Das große Hornhautloch gestattet ein ununterbrochenes, wochenlanges Tragen der Schale direkt auf dem Augapfel, ohne dass der Patient dadurch nennenswert belästigt ist.

Es ist möglich, trotz eingelegter Schale jederzeit die Binde- und Hornhaut zu behandeln.

Bei der Auswahl einer Schale ist tunlichst eine große Schale zu bevorzugen.

Die Schalen verhüten nicht nur die Entstehung eines Symblepharon, sie können auch nach Trennung eines bereits bestehenden Symblepharon verwendet werden.

Nach Einsetzen der Schale bleibt jeder Punkt der Hornhaut diagnostisch und therapeutisch zugänglich.

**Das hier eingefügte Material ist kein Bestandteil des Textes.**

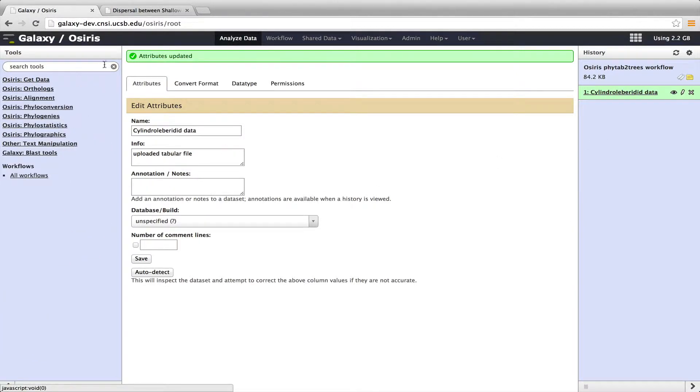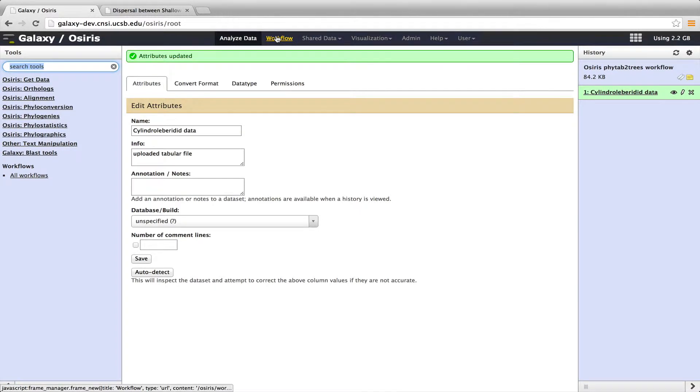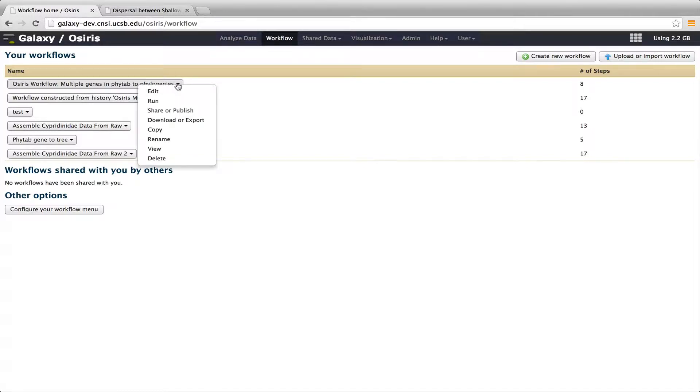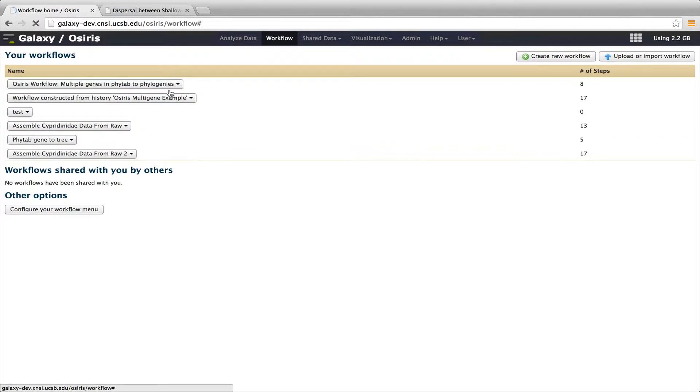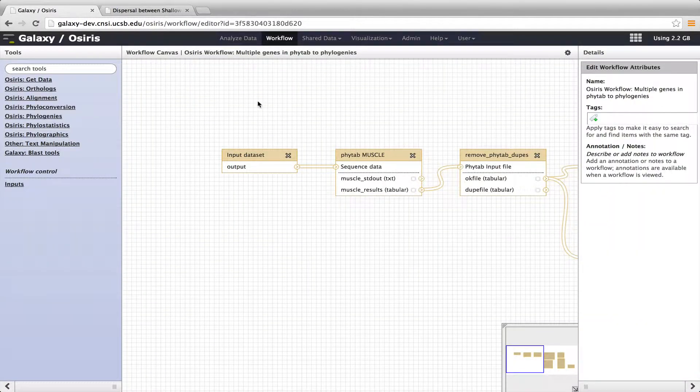So I can select other tools to analyze over here, other OSIRIS tools, or I can select a workflow. Before I select that workflow, I'll show you what it looks like. So up on the different tabs up at the top here, I will click on Workflow, and I have this one here, OSIRIS workflow, multiple genes in PHYTAB to phylogenies. So I'm going to do Edit to be able to view it.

Ebenso bleibt die Lidbindehaut jeglicher Behandlung zugänglich.

In den Bindehautsack lassen sich flüssige, pulverförmige und salbenförmige Medikamente jederzeit einführen.

Die kleinen Löcher geben die Möglichkeit, die Schale in gewissen Fällen durch Annähen zu fixieren.

Als gutes operationstechnisches Hilfsmittel haben sich die Schalen auch bei plastischen Operationen des Lides bewährt.

Außerdem können die Schalen nach Entfernen des Augapfels zur Behandlung der Bindehauthöhle zweckmäßig Verwendung finden; es kann zum Beispiel der Bindehautsack durch das Hornhautloch der Schalen hindurch tamponiert werden.

Bei der Herstellung der Schalen wird Wert darauf gelegt, dass sie eine vollkommen glatte, geschlossene Oberfläche bekommen.

(Vgl. Illig im Archiv für Augenheilkunde, 82. Band 1917, und Axenfeld: Augenärztliche
Operationslehre Graefe - Säemisch - Hess 1922, Seite 411 und folgende.)